§ **To do**
Set down the data below from its first line to the line holding "Fresh rosemary sprig", inclusive; omit all pictures.
━━━━━━
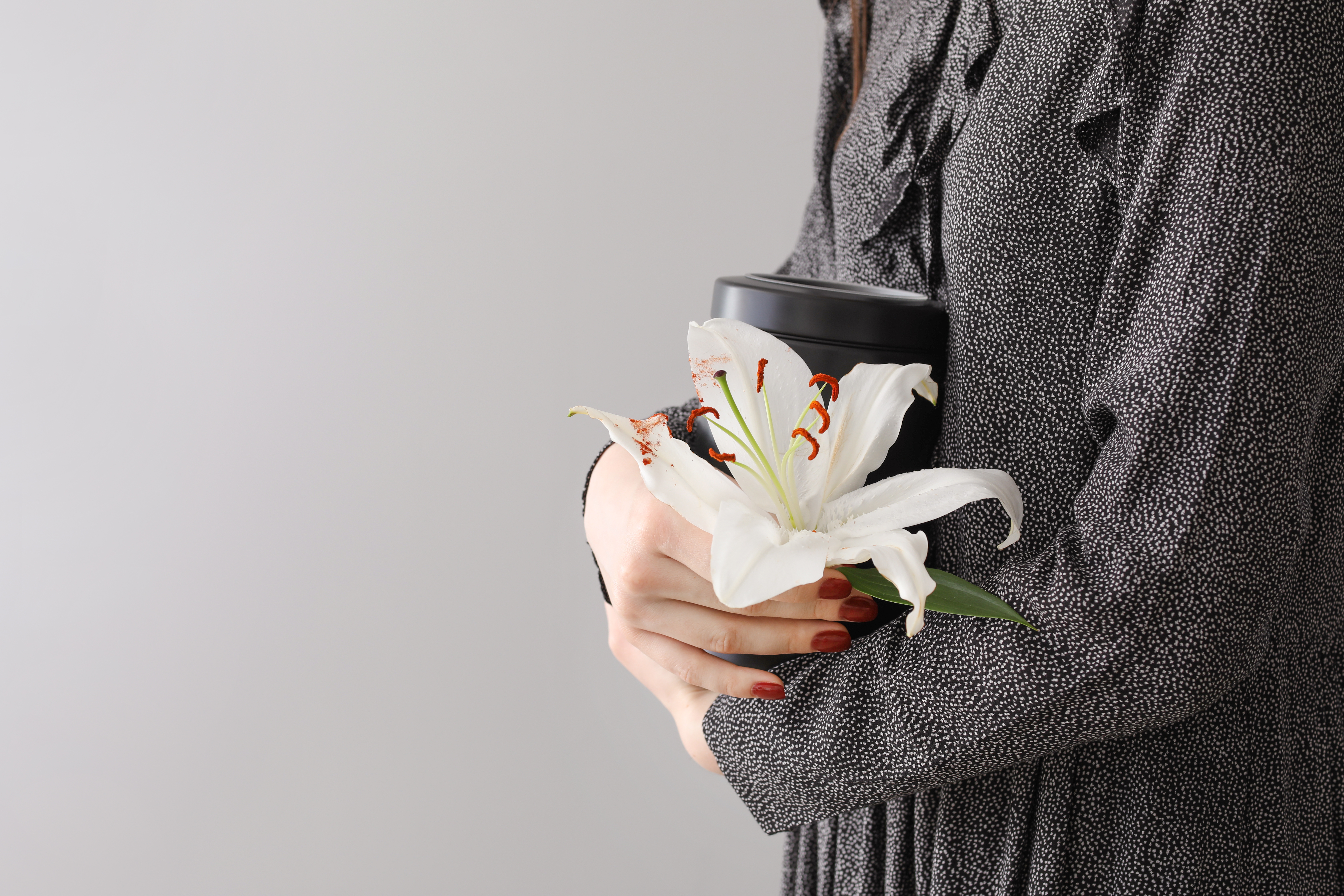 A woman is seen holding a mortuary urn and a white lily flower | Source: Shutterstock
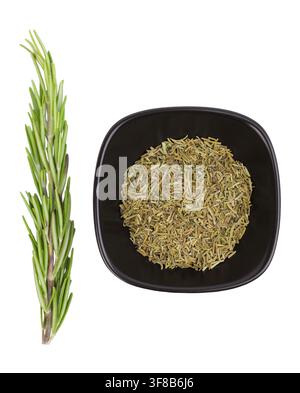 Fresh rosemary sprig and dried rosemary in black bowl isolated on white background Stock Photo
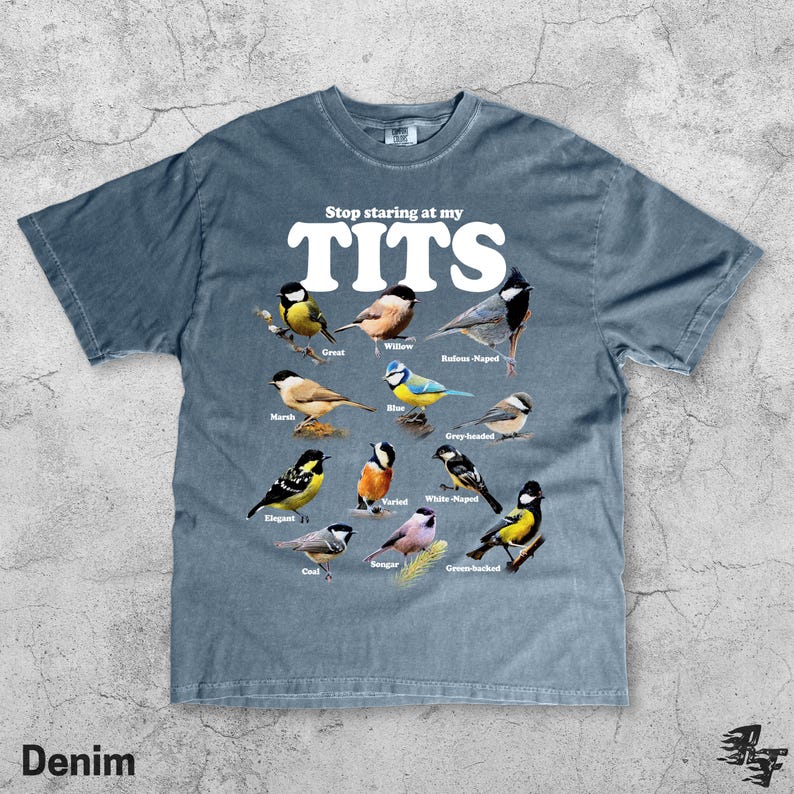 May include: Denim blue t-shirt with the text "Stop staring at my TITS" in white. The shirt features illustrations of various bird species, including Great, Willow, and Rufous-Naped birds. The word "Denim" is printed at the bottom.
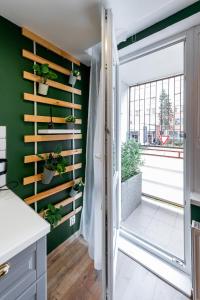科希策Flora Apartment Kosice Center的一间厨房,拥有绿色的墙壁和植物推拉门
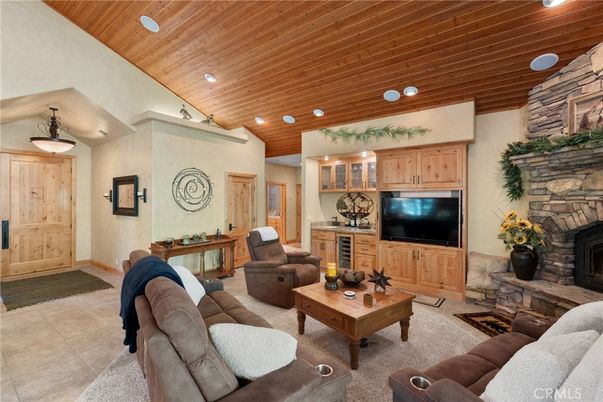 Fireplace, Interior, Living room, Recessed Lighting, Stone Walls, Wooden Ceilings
━━━━━━
§ **Result of the task**
 A woman is seen holding a mortuary urn and a white lily flower | Source: Shutterstock
 Fresh rosemary sprig and dried rosemary in black bowl isolated on white background Stock Photo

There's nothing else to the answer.